There are limits to the sublime politeness of an ancient people. A bulky, blue-chinned man in white clothes, his name red-lettered across his lower shirtfront, spluttering from under a green-lined umbrella almost tearful appeals to be introduced to the Unintroducible; naming loudly the Unnameable; dancing, as it seemed, in perverse joy at mere mention of the Unmentionable—found those limits. There was a moment's hush, and then such mirth as Gihon through his centuries had never heard—a roar like to the roar of his own cataracts in flood. Children cast themselves on the ground, and rolled back and forth cheering and whooping; strong men, their faces hidden in their clothes, swayed in silence, till the agony became insupportable, and they threw up their heads and bayed at the sun; women, mothers and virgins, shrilled shriek upon mounting shriek, and slapped their thighs as it might have been the roll of musketry. When they tried to draw breath, some half-strangled voice would quack out the word, and the riot began afresh. Last to fall was the city-trained Abdul. He held on to the edge of apoplexy, then collapsed, throwing the umbrella from him.
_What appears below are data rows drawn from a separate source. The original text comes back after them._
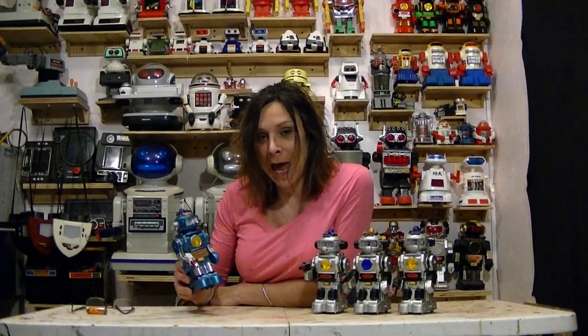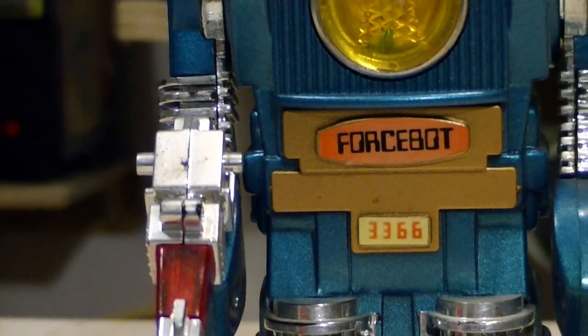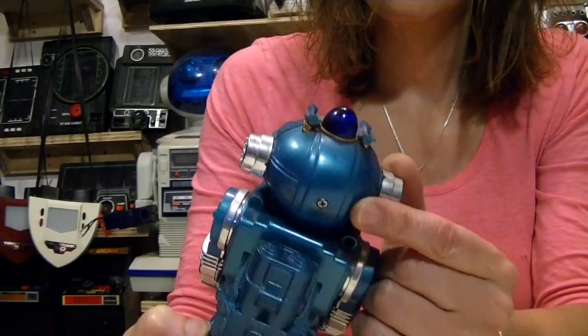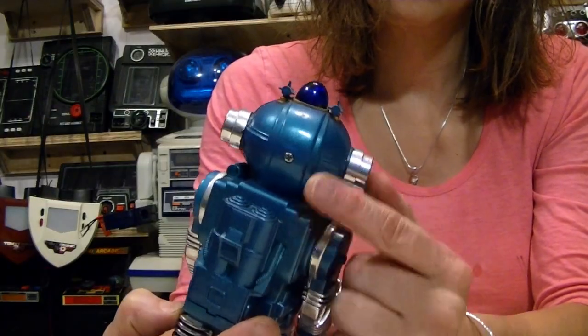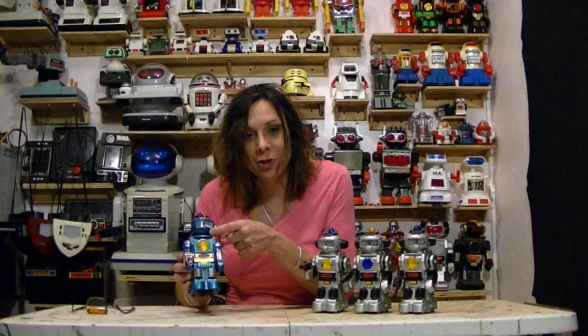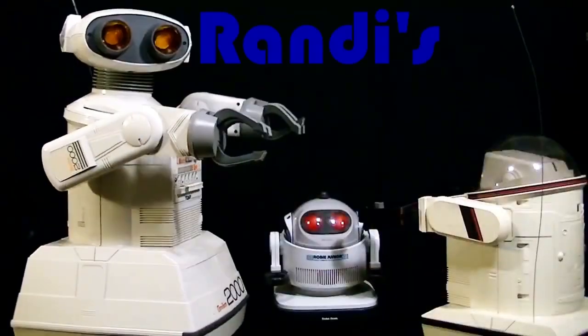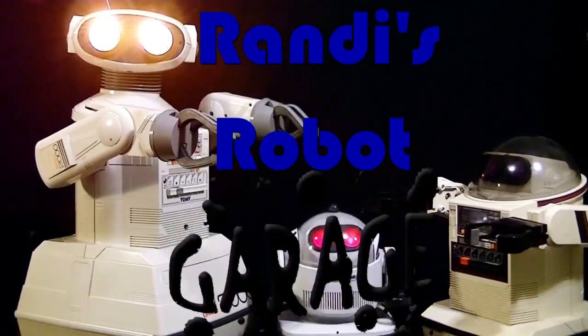Hello, RandyRain here, and I have the ForceBot and the three ForceBots. But this ForceBot is a little special. It's metallic blue, has a screw in the back of its head, and that's because it has a little smoke machine inside. So, this is Randy's Robot Garage!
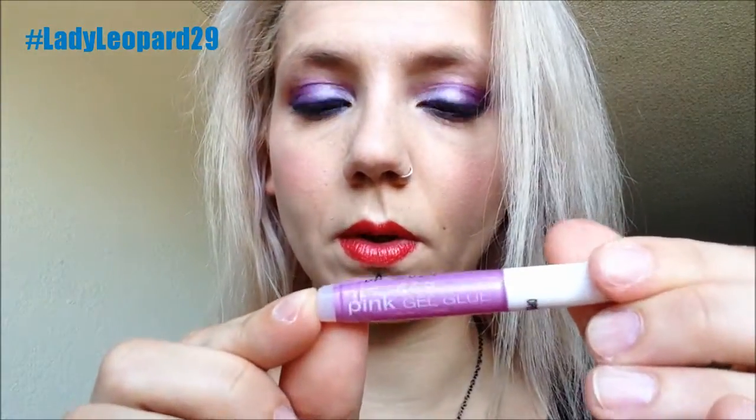Here's the glue — Kiss Pink Gel Glue. Let's read the directions: apply a thin layer of glue to the natural nail starting at the cuticle, press on and hold, remove the self-tab by bending it down and up. So, glue on the fake nail, glue on the regular nail, apply the nail, and voila.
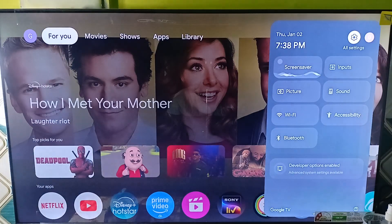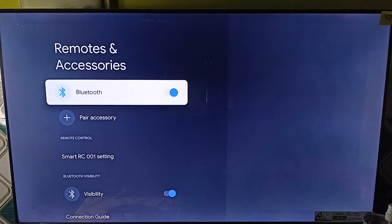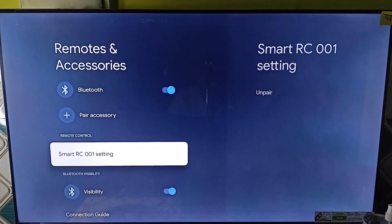Once Bluetooth is on, press the Back and Home buttons on the remote and it will pair your remote successfully. You will see the remote control section showing your remote name as Smart RC001. If it is unpaired, you can simply re-pair it again.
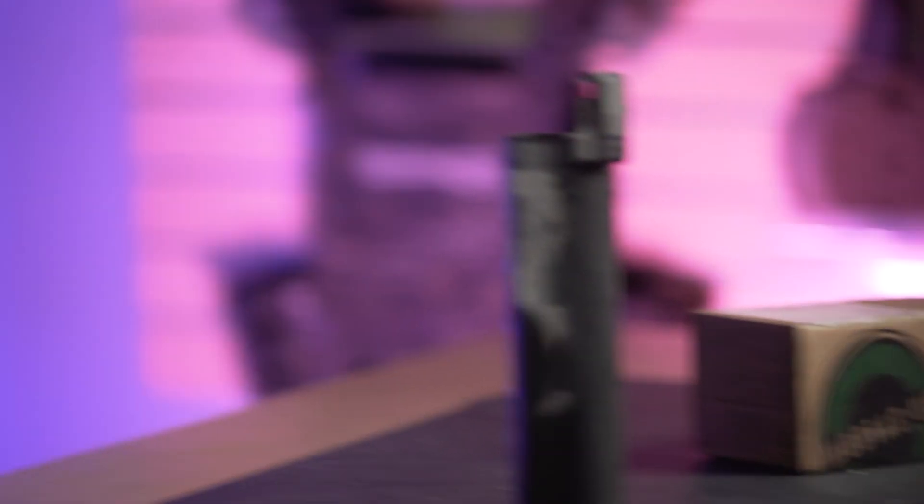The product that we're going to go over today is the ModTAC suppressor shield. Modern Tactical Solutions started in 2017 and are based out of Colorado. The whole reason they started this line was they saw an issue with shooting precision and fighting mirage when the heat comes off your suppressor.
Mr. Groombride should not be judged too harshly. Exercise and strong emotion under a hot sun, the shock of public ingratitude, for the moment rued his spirit. He furled the umbrella, and with t beat the prostrate Abdul, crying that he had been betrayed. In which posture the Inspector, on horseback, followed by the Governor, suddenly found him.

"That's all very well," said the Inspector, when he had taken Abdul's dramatically dying depositions on the steamer, "but you can't hammer a native merely because he laughs at you. I see nothing for it but the law to take its course."

"You might reduce the charge to—er—tampering with an interpreter," said the Governor. Mr. Groombride was too far gone to be comforted.

"It's the publicity that I fear," he wailed. "Is there no possible means of hushing up the affair? You don't know what a question—a single question in the House means to a man of my position—the ruin of my political career, I assure you."

"I shouldn't have imagined it," said the Governor thoughtfully.

"And, though perhaps I ought not to say it, I am not without honour in my own country—or influence. A word in season, as you know, Your Excellency. It might carry an official far."

The Governor shuddered.

"Yes, that had to come too," he said to himself. "Well, look here. If I tell this man of yours to withdraw the charge against you, you can go to Gehenna for aught I care. The only condition I make is that if you write—I suppose that's part of your business about your travels, you don't praise me!"

So far Mr. Groombride has loyally adhered to this understanding.